Who This Helps
This is for junior analysts who want their work to actually get used. You run the numbers, build the dashboards, but somehow the team still makes decisions on gut feel. Sound familiar?
In Product Metrics Basics, you learn to define metrics that everyone trusts. No more "where did that number come from?" debates.
Mini Case
Meet Priya. She's a junior analyst at a SaaS company. The team keeps arguing about whether new users are sticking around. Priya runs a retention report and finds that only 12% of users come back after 7 days. But the product manager says "our retention is fine." Why the gap? Because they're using different definitions of "retention." Priya needs one clear metric everyone agrees on.
Do This Now (5 Steps)
- Pick one action that matters. In Product Metrics Basics, the first mission is "Activation Definition." You define activation as one event plus one time window. For Priya, that's "complete onboarding in 3 days."
- Write down the exact event name. Use the "Event Taxonomy" mission. Choose 5 key events and list their required properties. Example: "signupcomplete" with properties "plantype" and "referralsource."
- Set a North Star and two guardrails. The "North Star & Guardrails" mission helps you pick a metric that guides the team. Priya's North Star is "weekly active users." Guardrails: "support ticket volume" and "page load time."
- Look at one segment. The "Segment Snapshot" mission shows where activation breaks. Priya segments by "referral source" and finds that users from ads activate at 8% vs. 20% from organic search.
- Share your findings in a one-pager. List the metric, the segment, and one clear recommendation.

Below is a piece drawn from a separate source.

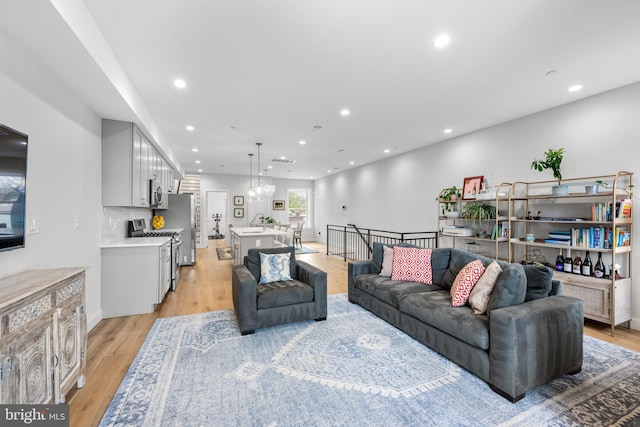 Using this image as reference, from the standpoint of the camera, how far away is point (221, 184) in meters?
10.2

Example: "Shift ad spend to organic channels to improve activation by 12%."
Avoid These Traps
- Defining metrics differently each week. Stick to your event taxonomy. If you change definitions, the team stops trusting the numbers.
- Showing too many metrics at once. Pick 3-5 that tell the story. Priya only shares activation rate, retention rate, and North Star.

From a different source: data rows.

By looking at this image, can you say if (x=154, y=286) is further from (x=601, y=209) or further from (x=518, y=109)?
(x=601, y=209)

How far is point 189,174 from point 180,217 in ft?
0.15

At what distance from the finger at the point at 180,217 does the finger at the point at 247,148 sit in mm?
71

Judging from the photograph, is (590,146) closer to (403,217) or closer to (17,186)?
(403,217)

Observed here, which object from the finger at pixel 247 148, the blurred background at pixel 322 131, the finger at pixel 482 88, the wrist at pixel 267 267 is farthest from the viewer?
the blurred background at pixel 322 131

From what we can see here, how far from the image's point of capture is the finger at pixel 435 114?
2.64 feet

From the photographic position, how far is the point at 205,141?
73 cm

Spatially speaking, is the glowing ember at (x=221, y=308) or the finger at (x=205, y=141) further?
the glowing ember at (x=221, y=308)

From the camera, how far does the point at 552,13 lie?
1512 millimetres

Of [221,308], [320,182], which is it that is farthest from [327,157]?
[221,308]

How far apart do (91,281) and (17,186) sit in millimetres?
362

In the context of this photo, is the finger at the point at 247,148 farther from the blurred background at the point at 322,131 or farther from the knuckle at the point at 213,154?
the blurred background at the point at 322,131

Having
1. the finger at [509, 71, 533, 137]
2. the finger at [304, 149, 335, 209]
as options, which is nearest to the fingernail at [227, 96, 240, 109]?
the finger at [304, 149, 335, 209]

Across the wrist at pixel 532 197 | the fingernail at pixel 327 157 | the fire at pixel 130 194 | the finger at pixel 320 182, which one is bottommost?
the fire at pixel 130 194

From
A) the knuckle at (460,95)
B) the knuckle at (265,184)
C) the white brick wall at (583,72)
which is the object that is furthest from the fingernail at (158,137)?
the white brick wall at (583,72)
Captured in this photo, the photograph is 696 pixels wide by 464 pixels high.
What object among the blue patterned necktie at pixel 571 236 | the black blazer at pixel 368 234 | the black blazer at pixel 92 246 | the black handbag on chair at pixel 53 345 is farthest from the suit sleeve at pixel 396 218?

- Forgetting to include a recommendation. Analysis without action gets ignored. Always end with "so we should do X."
- Using jargon like "cohort analysis" without explaining. Say "group of users who signed up in the same week" instead.
Your Win by Friday
By Friday, you'll have one clear metric definition that your team agrees on. You'll know exactly how to measure activation and retention. And you'll have a simple one-pager with a recommendation that gets approved. That's a win.
And hey, you might even get a high-five from your PM for finally ending the "what does retention even mean?" debate.